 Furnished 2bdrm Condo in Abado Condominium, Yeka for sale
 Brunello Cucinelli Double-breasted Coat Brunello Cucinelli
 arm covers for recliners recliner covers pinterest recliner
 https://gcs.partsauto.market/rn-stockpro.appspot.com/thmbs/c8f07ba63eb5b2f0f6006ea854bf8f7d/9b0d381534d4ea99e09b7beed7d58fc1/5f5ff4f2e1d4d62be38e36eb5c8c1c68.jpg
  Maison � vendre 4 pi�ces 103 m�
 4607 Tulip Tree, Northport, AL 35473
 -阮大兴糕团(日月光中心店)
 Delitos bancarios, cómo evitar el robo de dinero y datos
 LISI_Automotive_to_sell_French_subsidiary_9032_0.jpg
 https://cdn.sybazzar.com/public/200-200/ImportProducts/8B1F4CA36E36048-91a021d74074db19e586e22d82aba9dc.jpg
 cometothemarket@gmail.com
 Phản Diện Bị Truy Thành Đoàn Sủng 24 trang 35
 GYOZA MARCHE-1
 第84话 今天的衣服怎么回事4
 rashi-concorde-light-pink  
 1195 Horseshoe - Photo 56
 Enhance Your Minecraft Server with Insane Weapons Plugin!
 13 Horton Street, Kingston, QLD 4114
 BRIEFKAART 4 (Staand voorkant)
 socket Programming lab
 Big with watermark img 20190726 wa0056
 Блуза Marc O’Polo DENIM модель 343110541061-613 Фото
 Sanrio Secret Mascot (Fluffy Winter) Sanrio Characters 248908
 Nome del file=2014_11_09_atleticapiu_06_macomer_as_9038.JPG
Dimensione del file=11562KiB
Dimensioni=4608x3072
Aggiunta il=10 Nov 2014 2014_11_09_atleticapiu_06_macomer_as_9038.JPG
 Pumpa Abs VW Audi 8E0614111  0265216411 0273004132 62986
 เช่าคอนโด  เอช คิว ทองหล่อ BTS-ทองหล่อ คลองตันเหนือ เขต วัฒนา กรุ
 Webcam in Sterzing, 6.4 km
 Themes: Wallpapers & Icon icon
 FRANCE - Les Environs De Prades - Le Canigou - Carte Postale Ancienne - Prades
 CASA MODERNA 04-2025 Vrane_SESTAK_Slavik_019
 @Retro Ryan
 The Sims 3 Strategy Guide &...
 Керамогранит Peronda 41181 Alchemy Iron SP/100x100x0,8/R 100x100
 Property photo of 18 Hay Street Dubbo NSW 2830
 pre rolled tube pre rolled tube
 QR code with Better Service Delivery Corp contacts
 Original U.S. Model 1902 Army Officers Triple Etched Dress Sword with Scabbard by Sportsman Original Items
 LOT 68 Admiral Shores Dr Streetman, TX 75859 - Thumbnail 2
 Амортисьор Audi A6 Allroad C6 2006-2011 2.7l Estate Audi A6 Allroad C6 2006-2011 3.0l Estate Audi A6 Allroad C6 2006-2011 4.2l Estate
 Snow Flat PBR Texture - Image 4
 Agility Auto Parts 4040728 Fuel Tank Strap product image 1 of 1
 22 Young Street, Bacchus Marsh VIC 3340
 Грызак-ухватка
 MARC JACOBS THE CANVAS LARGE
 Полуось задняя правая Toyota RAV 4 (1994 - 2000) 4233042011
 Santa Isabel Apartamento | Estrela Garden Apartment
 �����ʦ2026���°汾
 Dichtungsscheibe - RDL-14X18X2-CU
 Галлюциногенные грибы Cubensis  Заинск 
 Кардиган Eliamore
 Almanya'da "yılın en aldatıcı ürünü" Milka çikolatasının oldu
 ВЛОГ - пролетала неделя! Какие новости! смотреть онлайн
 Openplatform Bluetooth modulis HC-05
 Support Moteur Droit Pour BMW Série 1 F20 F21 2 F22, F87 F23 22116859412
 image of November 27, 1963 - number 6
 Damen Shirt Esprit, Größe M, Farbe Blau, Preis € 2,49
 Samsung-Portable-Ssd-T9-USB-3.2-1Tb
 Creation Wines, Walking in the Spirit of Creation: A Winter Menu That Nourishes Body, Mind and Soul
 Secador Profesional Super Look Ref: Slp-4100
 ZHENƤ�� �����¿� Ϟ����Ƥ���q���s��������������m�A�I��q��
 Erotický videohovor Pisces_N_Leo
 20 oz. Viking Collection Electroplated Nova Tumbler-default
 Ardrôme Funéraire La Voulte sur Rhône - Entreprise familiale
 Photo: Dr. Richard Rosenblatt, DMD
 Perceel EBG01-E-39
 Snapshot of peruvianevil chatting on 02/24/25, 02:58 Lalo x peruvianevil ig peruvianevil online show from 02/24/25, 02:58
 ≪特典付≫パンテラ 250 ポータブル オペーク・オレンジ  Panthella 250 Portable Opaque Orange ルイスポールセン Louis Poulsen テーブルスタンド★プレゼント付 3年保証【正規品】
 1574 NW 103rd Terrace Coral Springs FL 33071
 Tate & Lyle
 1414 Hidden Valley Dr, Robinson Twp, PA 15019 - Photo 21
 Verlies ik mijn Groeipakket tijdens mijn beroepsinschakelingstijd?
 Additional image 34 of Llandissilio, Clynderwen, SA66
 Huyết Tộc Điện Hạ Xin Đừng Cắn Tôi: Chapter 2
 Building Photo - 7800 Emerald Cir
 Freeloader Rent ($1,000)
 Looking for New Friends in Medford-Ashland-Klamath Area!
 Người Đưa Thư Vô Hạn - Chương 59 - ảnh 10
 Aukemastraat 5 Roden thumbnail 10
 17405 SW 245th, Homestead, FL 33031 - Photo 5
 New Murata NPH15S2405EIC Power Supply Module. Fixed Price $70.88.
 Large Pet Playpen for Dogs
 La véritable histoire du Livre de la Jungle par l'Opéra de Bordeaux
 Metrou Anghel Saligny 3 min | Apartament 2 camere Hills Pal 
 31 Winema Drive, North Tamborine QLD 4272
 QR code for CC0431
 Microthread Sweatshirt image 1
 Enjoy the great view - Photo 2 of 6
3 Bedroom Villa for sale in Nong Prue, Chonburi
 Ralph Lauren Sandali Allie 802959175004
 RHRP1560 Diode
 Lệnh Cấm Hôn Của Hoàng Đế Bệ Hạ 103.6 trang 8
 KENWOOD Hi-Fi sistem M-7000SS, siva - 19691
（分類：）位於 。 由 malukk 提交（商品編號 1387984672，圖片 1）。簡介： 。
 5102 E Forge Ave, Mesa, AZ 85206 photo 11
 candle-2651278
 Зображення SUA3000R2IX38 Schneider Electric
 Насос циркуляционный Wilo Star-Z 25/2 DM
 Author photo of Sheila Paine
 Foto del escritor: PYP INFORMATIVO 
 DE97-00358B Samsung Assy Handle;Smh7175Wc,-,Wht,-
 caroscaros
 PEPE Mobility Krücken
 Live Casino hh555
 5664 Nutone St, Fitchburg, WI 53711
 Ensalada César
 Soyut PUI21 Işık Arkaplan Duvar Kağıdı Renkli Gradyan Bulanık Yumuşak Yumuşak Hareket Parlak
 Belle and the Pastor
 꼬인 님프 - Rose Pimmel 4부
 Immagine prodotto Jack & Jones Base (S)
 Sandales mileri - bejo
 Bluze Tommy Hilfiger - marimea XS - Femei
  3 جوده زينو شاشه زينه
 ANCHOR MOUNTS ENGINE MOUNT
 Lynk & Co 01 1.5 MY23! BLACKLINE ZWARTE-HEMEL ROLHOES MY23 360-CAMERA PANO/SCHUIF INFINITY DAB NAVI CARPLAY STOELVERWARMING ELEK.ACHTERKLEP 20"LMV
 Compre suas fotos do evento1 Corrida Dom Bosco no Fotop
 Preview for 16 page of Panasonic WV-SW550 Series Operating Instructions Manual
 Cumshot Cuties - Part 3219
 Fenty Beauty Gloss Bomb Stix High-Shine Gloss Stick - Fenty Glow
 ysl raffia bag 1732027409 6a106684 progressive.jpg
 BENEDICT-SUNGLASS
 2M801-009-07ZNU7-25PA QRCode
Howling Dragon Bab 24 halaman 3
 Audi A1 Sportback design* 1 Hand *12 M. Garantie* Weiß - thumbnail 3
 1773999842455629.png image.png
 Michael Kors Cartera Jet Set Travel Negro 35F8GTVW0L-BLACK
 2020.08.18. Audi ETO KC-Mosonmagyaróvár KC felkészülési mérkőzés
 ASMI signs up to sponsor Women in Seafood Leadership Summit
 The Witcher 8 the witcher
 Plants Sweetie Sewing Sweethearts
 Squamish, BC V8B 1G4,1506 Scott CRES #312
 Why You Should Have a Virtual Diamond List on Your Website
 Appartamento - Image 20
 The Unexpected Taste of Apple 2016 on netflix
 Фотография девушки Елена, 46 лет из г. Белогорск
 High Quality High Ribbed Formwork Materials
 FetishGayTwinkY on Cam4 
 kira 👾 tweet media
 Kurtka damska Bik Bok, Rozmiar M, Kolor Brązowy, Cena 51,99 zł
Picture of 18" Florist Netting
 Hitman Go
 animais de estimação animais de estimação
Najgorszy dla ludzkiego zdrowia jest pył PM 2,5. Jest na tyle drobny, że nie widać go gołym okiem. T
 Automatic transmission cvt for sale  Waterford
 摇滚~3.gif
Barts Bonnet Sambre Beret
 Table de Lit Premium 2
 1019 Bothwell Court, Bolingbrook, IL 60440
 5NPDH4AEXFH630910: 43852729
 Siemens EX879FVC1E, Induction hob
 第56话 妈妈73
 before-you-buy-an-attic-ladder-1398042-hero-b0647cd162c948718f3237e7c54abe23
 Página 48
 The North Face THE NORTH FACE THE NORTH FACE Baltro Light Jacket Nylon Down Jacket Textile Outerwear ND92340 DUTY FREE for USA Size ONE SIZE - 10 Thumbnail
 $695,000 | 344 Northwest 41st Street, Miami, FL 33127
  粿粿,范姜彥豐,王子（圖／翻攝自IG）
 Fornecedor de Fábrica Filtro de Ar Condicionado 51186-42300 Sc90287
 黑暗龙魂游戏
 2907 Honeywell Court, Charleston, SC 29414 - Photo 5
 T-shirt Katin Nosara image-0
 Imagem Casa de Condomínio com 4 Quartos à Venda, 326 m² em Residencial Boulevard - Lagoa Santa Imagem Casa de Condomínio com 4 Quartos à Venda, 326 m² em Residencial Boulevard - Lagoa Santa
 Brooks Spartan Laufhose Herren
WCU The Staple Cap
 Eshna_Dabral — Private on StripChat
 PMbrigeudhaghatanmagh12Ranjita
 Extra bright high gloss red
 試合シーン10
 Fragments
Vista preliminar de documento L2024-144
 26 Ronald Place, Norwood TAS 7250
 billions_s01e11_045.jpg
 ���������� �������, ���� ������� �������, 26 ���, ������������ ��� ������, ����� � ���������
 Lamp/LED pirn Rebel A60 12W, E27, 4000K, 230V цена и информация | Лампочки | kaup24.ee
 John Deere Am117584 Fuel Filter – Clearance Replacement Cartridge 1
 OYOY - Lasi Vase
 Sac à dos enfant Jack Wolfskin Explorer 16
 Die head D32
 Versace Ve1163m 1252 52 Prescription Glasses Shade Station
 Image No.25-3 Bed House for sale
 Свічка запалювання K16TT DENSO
______________________________
Prompt: All lines from the beginning of the material above through the one with "Sanrio Secret Mascot" need to be returned exactly; please return those and only those.

Exercise output:
 Furnished 2bdrm Condo in Abado Condominium, Yeka for sale
 Brunello Cucinelli Double-breasted Coat Brunello Cucinelli
 arm covers for recliners recliner covers pinterest recliner
 https://gcs.partsauto.market/rn-stockpro.appspot.com/thmbs/c8f07ba63eb5b2f0f6006ea854bf8f7d/9b0d381534d4ea99e09b7beed7d58fc1/5f5ff4f2e1d4d62be38e36eb5c8c1c68.jpg
  Maison � vendre 4 pi�ces 103 m�
 4607 Tulip Tree, Northport, AL 35473
 -阮大兴糕团(日月光中心店)
 Delitos bancarios, cómo evitar el robo de dinero y datos
 LISI_Automotive_to_sell_French_subsidiary_9032_0.jpg
 https://cdn.sybazzar.com/public/200-200/ImportProducts/8B1F4CA36E36048-91a021d74074db19e586e22d82aba9dc.jpg
 cometothemarket@gmail.com
 Phản Diện Bị Truy Thành Đoàn Sủng 24 trang 35
 GYOZA MARCHE-1
 第84话 今天的衣服怎么回事4
 rashi-concorde-light-pink  
 1195 Horseshoe - Photo 56
 Enhance Your Minecraft Server with Insane Weapons Plugin!
 13 Horton Street, Kingston, QLD 4114
 BRIEFKAART 4 (Staand voorkant)
 socket Programming lab
 Big with watermark img 20190726 wa0056
 Блуза Marc O’Polo DENIM модель 343110541061-613 Фото
 Sanrio Secret Mascot (Fluffy Winter) Sanrio Characters 248908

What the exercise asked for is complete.